Hello there, I am stuck as to how to sequence an SQL statement to select all customer names from the Customer table and order the list by PurchaseDate. The structure of the tables are like the following:

The relation between the Customer table and Booking table is linked by a primary key CustomerID in Customer and foreign key CustomerID in Booking table. The relationship is a one-to-many, whereby one customer can make multiple purchases. In order to get all customer names, regardless of whether they have made a purchase or not, I'm joining both the tables with:

VB.NET:
SELECT Customer.CustomerID, Customer.Name, Booking.PurchaseDate 
FROM Customer 
LEFT OUTER JOIN Booking ON Customer.CustomerID = Booking.CustomerID 
ORDER BY Booking.PurchaseDate DESC

Currently my statement returns multiple customer names if he/she has records of multiple purchases in the Booking table. Note that the ORDER BY Booking.PurchaseDate is very important because I need to sort the list by giving priority to the customers who made more recent purchases to the top of the result list.

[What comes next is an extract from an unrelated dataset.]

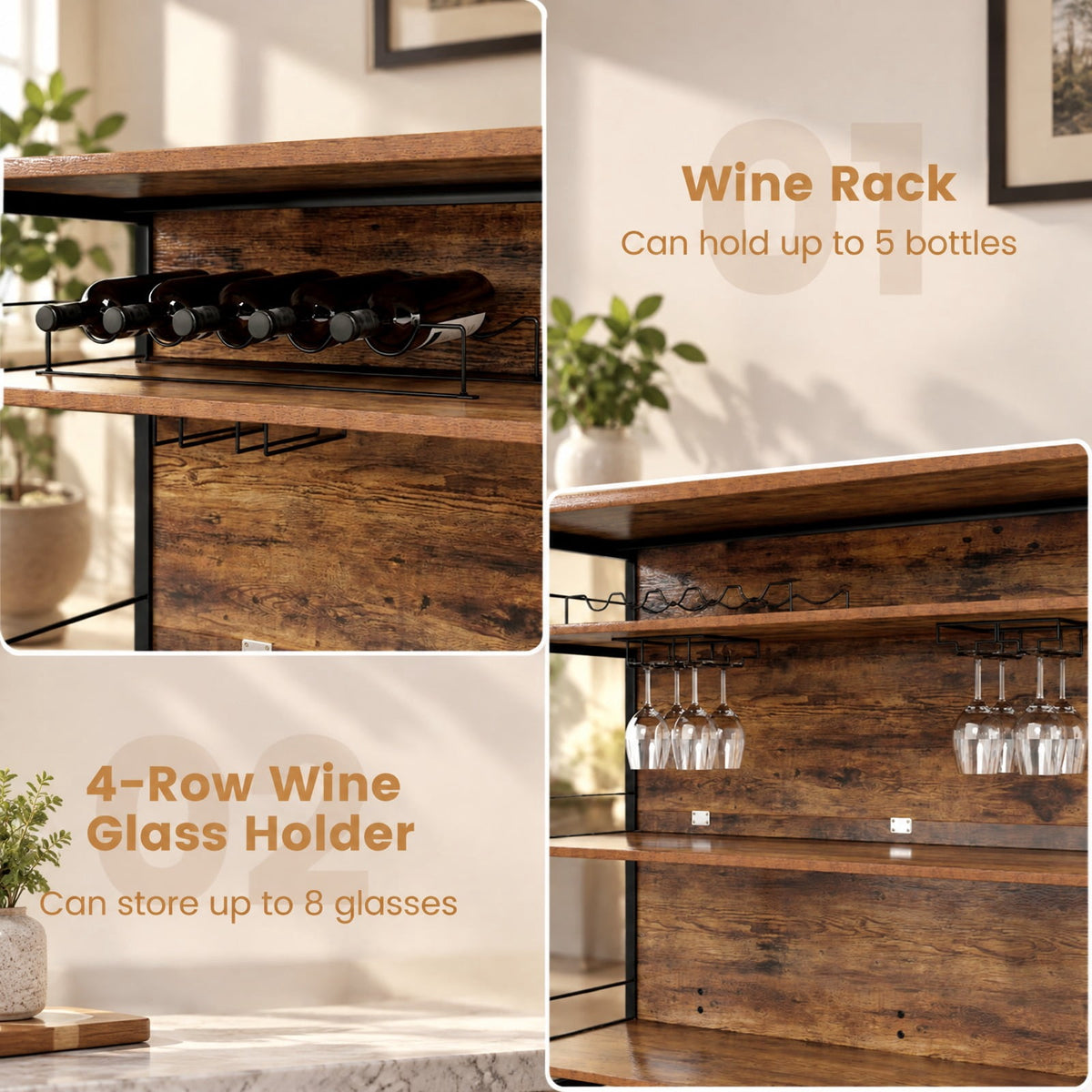 Airfind 4-Tier Mini Bar Kitchen Island with Footrest and Wine Rack, 44 lbs Capacity, Engineered Board Metal Frame, 47 Inch x 23.5 Inch x 40 Inch Footprint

What did you expect? Or, asked another way:

Please show me how you would want the results written so that customer name only appears once. You yourself have said that the relaitonship is one to many, and when this "the element on the one side of the relationship is repeated X times where X is the number of records on the many side - i dont want that" complaint comes up, I do always wonder what is it they actually want the database do to?

So fred smith buys 3 tickets:
Name, TicketId
Fred, 1
Fred, 2
Fred, 3


My question to you is.. What would you have the database put there instead of Repeating Fred 3 times? What else is there that is logical to put there?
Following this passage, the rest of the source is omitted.